Something that doesn’t change in good or bad economic times is the need for training employees, coupled with the reluctance to spend much money for it. Everyone wants to get the most they can while keeping costs down. The best way to do that is to get training that is designed to be immediately useful and easily retained. Here are three ways to do that.
1. Make it relevant to the workplace and show clearly how it is relevant to the workplace.
Knowing how the training is related to one's work is critical to getting buy-in to the training process. It is especially important for “soft skills” training. It is also an aid to retention and transfer of training. For example, if I were giving a stress management class, I’d include such tidbits as 1) “I’ll demonstrate stress management techniques that increase attention and focus. That helps reduce workplace accidents.” 2) “Here are three ways stress management bolsters the immune system. That will help prevent colds and ‘flu and mean fewer hours lost to illness.”
2. Make it practical, participative and/or experiential.
Even though the lecture method of teaching and training is still the standard, it is well known in the psychology of learning that is the least effective method. And so much training is primarily informational -- albeit with lovely slide shows, videos, printed handouts and humorous presentations. Before planning, purchasing or delivering training, please print on the back of your eyelids, “Training is not an information dump.”
If you want employees to learn, remember and use the training material, tell them and show them and get them involved in the process itself. No! -- Q and A sessions are not enough. Make sure there are relevant demonstrations of and participative exercises in the matter being presented in the training. That’s what makes it a training and not a briefing.
3. Assess employees immediately before the training and immediately after the training. (And perhaps even during the training.)
"There's going to be a test!" Nothing focuses attention as much as knowing you’re going to be tested. Make sure that the employee’s superior will know results of the test and that the employee knows the superior will know.

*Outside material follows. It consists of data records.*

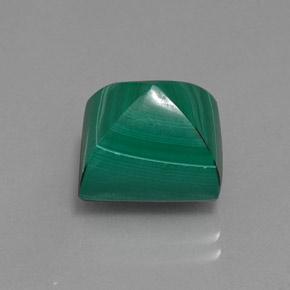 10.87カラットの天然マルチカラーグリーンマラカイト（11.3×9.2 mm・バゲット）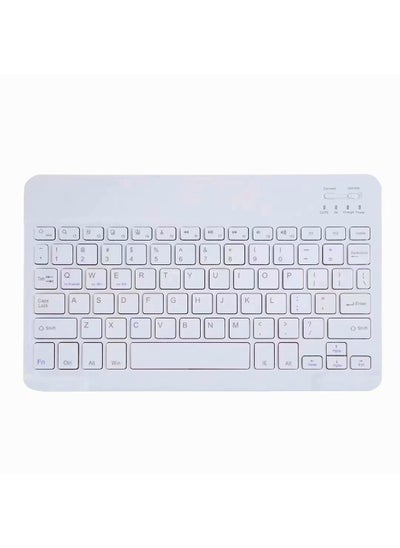 Buy Bluetooth Keyboard Mouse Combo for iPad 10.2 Samsung Xiaomi Huawei 10-inch white single keyboard (charging cable in Saudi Arabia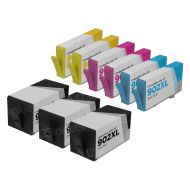 Compatible Brand for HP 902XL Set of 9 HY Ink Cartridges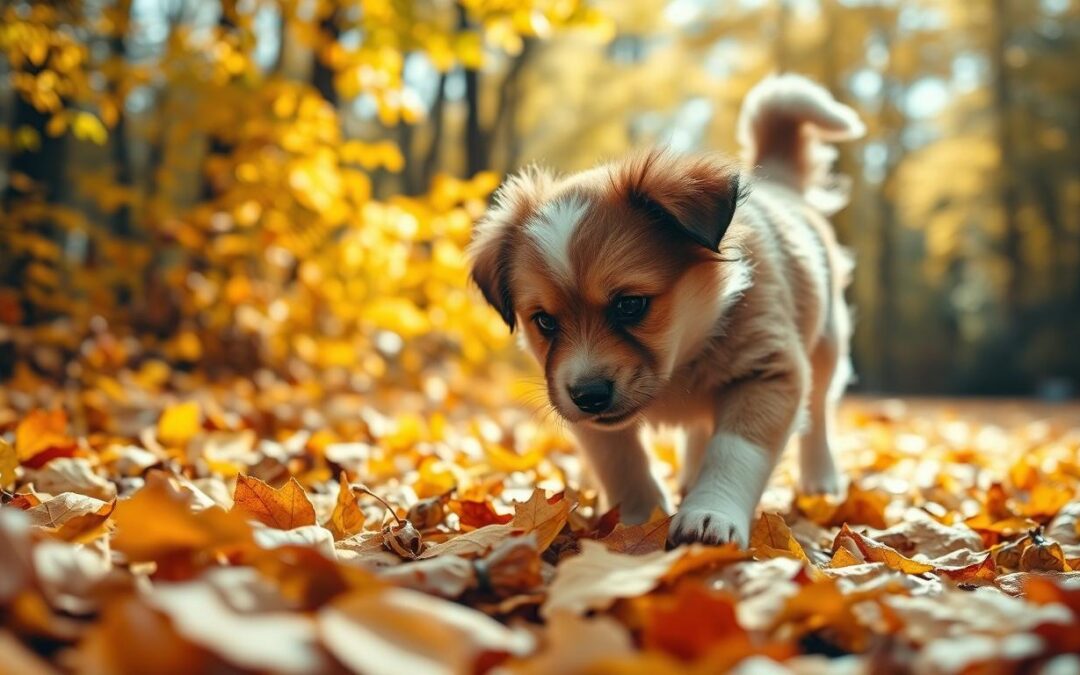 Kaj kaže pasje jesensko vedenje?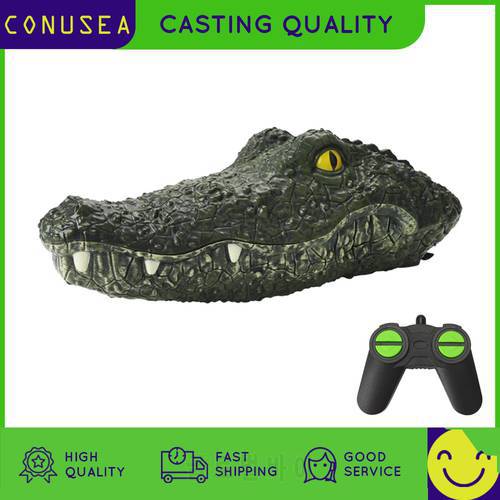 Summer RC Boat Simulation Snake Crocodile Head 2.4G Remote Control Robot Duck Shark Electric Toys Water Spoof Toys outdoor gift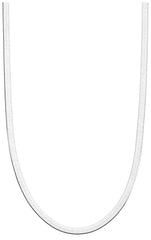 Solid Sterling Silver Herringbone Necklace - 3Lengths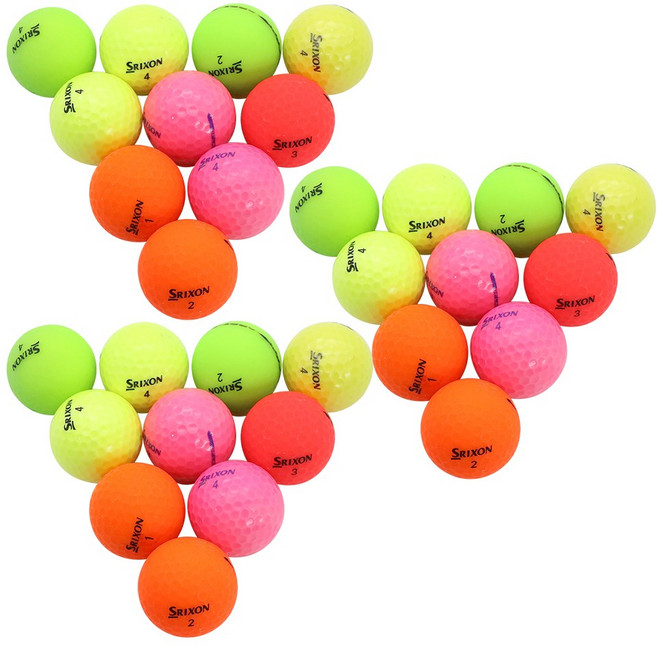 SRIXON Unique Epic二手混合高爾夫球 A級 42.67mm, 30顆, 混色, 1組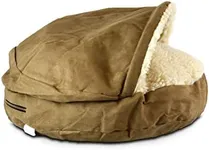 Snoozer Luxury Orthopedic Cozy Cave Pet Bed, X-Large, Camel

Furthermore, the trainer will have immediate feedback on what he/she has missed. If the test is given at a time that allows immediate follow-up, the trainer can go back and cover material that the test indicates needs more coverage.
There’s a method called “teaching from the test” that is very helpful in planning the training, assessing the training and making sure the subject matter is effectively covered. You give the test before the training and collect the answers. You then give a blank copy of the test for the trainees for reference during the training. In the training you make sure to cover the answers to the questions on the test. In fact, you design the test and the training around each other. The trainees are free to ask questions and discuss the test as you come to that material in the training. They may take notes to help them better answer the questions. At the end of the training, they may refer to their notes, training materials, the other trainees and the trainer while filling in the answers. The process has proven to increase retention and does not undermine the effectiveness of the testing process.
Whether you hire outside trainers or develop the training in house, make sure the training includes the three methods outlined above and you will get highly effective training.